Typhoon Yagi kills 2 and injures 92 in China’s Hainan as it makes its way to northern Vietnam


In this photo released by Xinhua news agency, coconut trees affected by Typhoon Yagi lie beside a road in Haikou, southern China's Hainan province, Friday, Sept. 6, 2024.

In this photo released by Xinhua news agency, coconut trees hit by Typhoon Yagi lie beside a road in Haikou, southern China’s Hainan province, Friday, Sept. 6, 2024. | Photo credit: AP

A powerful typhoon killed two people and injured at least 92 on the southern Chinese island of Hainan, officials said on Saturday (Sept 07, 20204), as heavy rains and winds left more than 800,000 homes without power.

Typhoon Yagi is currently heading toward northern Vietnam over the Gulf of Tonkin on Saturday, with Vietnamese officials describing Yagi as “one of the most powerful storms to hit the region in the past decade.” The storm struck the city of Wenchang on Hainan on Friday afternoon, with wind speeds near its center estimated at about 245 kilometers per hour (152 mph).

China’s national meteorological authorities said Yagi was the strongest autumn typhoon to hit China.
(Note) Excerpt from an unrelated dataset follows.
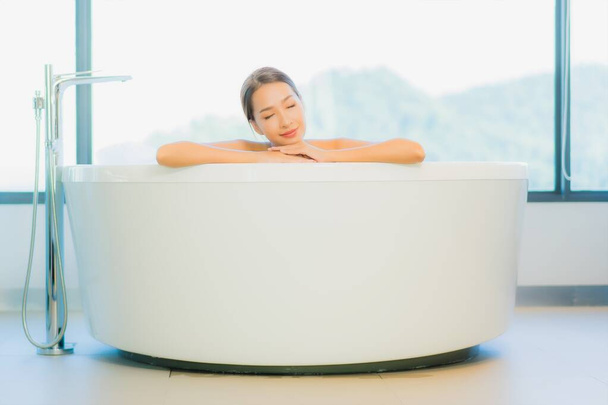 Muotokuva kaunis nuori aasialainen nainen rentoutua vapaa nauttia kylpyammeessa kylpyhuoneessa ja wc sisustus - Valokuva, kuva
About 420,000 residents were evacuated in Hainan before the typhoon made landfall. More than half a million people were evacuated in Guangdong province before Yagi made a second landfall in the province’s Xuwen county on Friday night.

Haikou’s meteorological observatory raised its typhoon signal from red to orange on Saturday as the storm moved further away from the city.
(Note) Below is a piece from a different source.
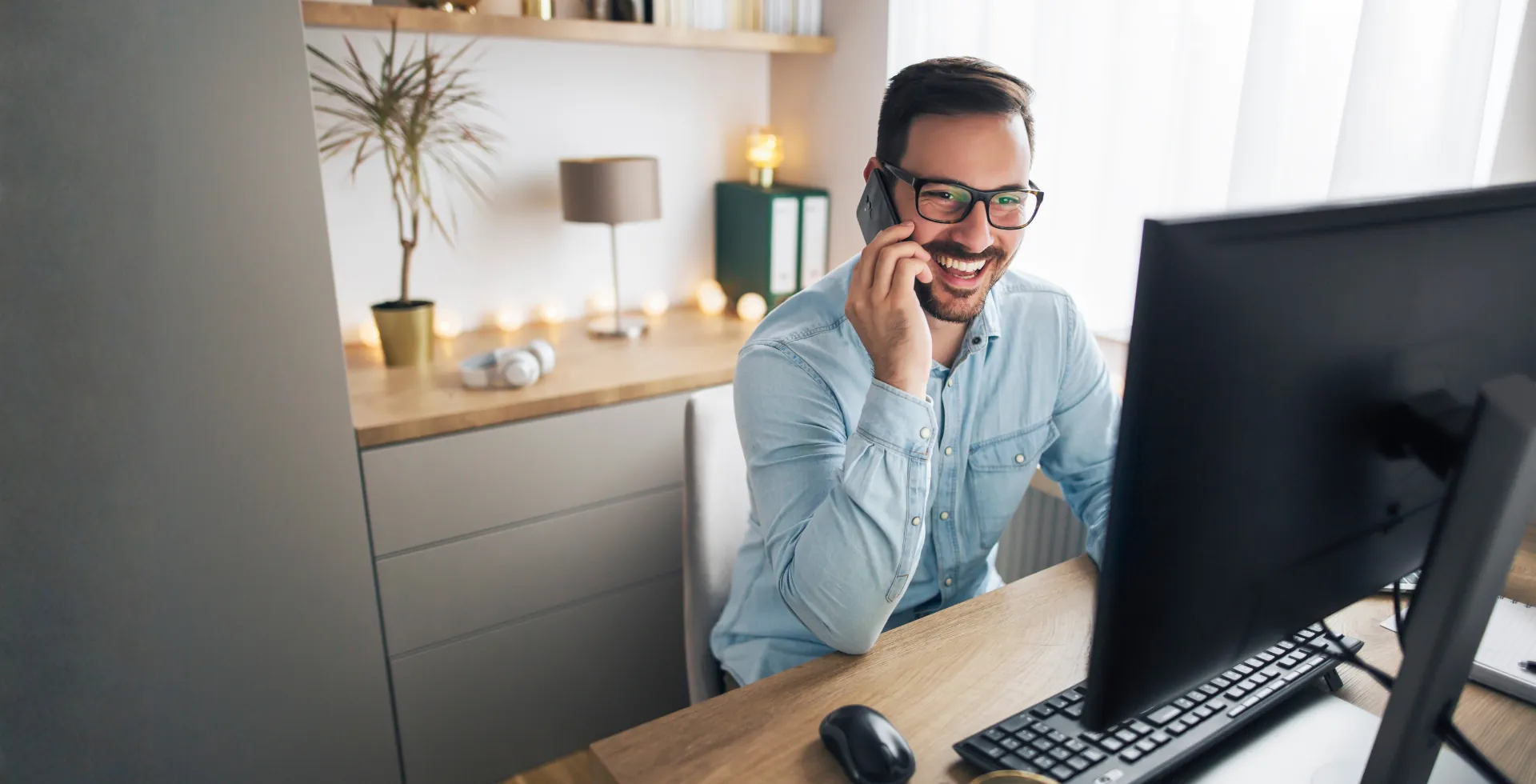 A relaxed remote professional taking a break at their desk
In Hong Kong, more than 270 people were forced to take refuge in temporary government shelters on Friday and more than 100 flights were cancelled in the city due to the storm. Heavy rain and strong winds knocked down dozens of trees and halted trading at the stock market, banking services and schools.
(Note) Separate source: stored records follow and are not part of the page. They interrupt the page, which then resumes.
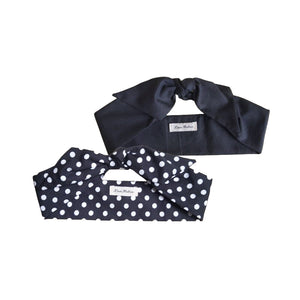 Two hair scarves laid out on a white surface, one solid black and the other with a black and white polka dot pattern.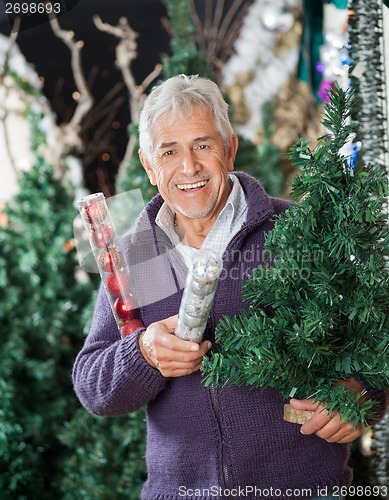 Image of Man Holding At Christmas Tree And Baubles In Store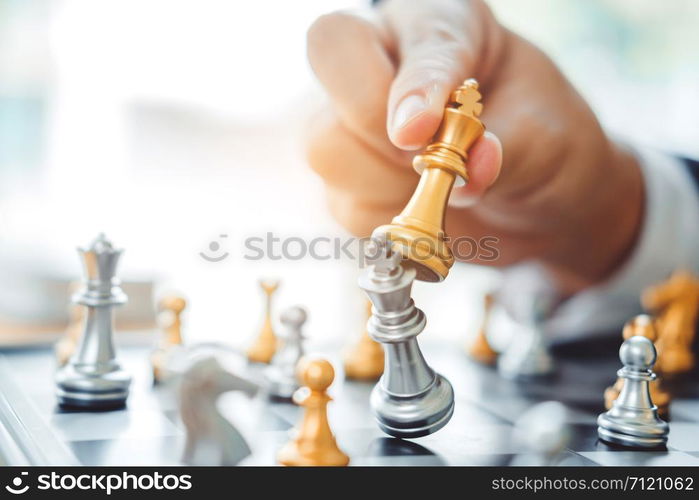 Businessman playing chess game Planning of leading strategy successful business leader concept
Typhoon Yagi was still a typhoon when it struck the South China Sea off northwestern Philippines on Wednesday. The storm has killed at least 16 people and left 17 others missing, triggering landslides and widespread flooding that has affected more than 2 million people across the archipelago.

More than 47,600 people were displaced from their homes in Philippine provinces, and classes, work, inter-island ferry services, and domestic flights were disrupted for days in many places, including the densely populated capital region, metropolitan Manila.